Evan D. Goldberg (born September 15, 1982) is a Canadian filmmaker and comedian. He has collaborated with his childhood friend Seth Rogen on the films Superbad, Pineapple Express, This Is the End, The Interview, and Good Boys.

Personal life
Evan Goldberg was born September 15, 1982 in Vancouver, British Columbia, to a Jewish family. He was raised in Marpole. He attended Point Grey Secondary School (where he met and befriended Rogen) and McGill University, and is married to Lisa (Yadavaia) Goldberg.

Career
Goldberg started his writing career joining the staff of Da Ali G Show for its 2004 season, along with his childhood friend and comedy partner Seth Rogen. They collaborated on the films, Knocked Up, Superbad, Pineapple Express, Funny People, and The Green Hornet with their production company Point Grey Pictures, named after Point Grey Secondary School.

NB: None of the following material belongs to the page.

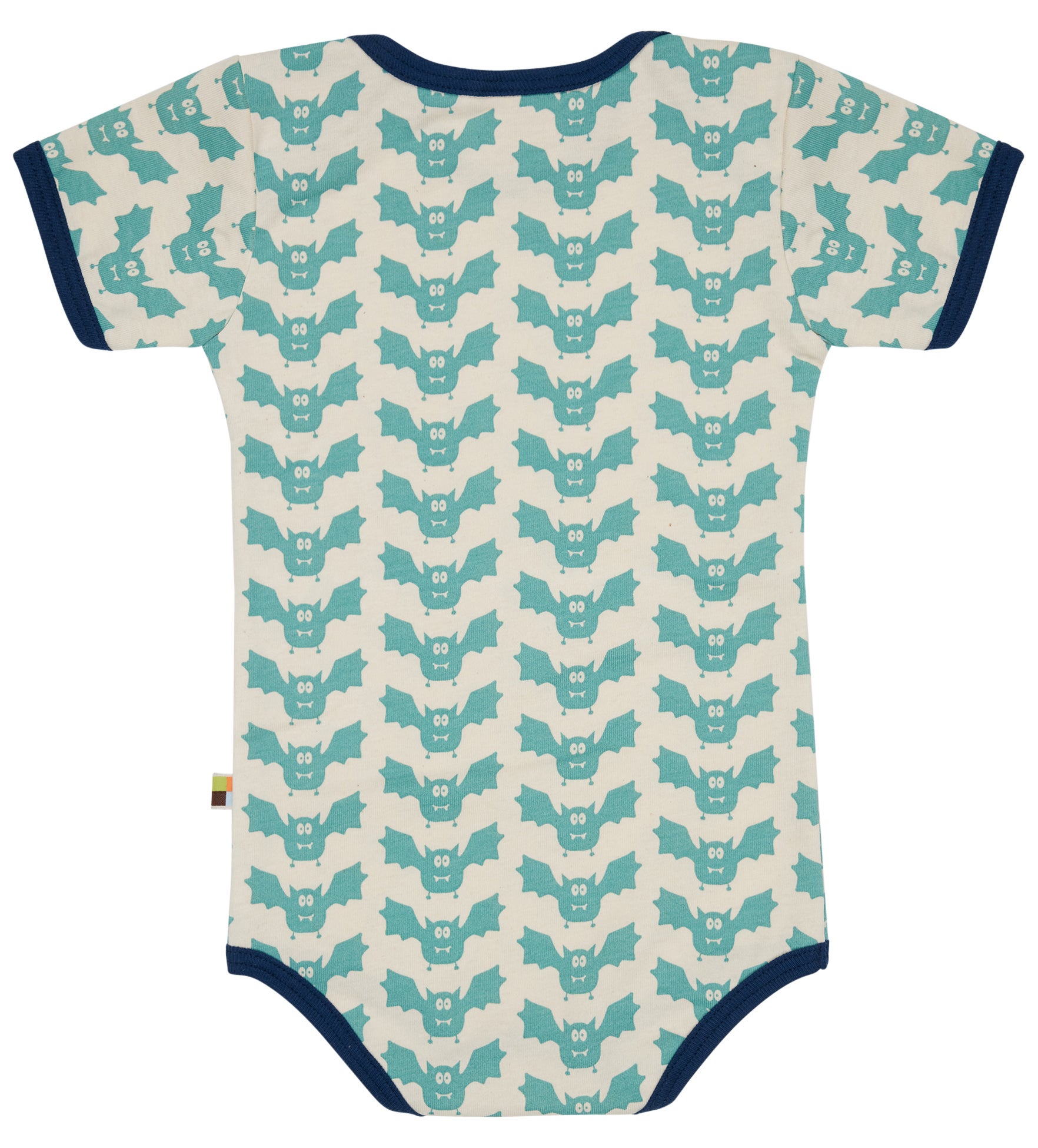 Short-sleeved body with print Short-sleeved body with print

In a strategy to garner interest and funding, Goldberg created a pre-production trailer for Jay and Seth versus the Apocalypse, which was later made as This Is the End, and was released in June 2013.

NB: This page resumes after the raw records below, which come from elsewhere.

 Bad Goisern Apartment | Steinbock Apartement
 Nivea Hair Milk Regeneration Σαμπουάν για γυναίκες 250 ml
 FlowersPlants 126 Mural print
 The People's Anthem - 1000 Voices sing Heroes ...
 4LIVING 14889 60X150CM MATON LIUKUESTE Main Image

During the time, both Rogen and Goldberg through his Point Grey Pictures company had set up a joint venture with major client Good Universe to set up mainstream comedy films.

Goldberg and Rogen are both "obsessed" fans of The Simpsons. After learning that The Simpsons executive producer James L. Brooks was a fan of Superbad, they decided to ask the producers of the show if they could write an episode. They were invited to The Simpsons writers room, where they pitched several episode ideas. One was accepted, and they wrote an outline with the help of some feedback from the regular writers. It became the episode "Homer the Whopper", which was the season premiere of season twenty-one.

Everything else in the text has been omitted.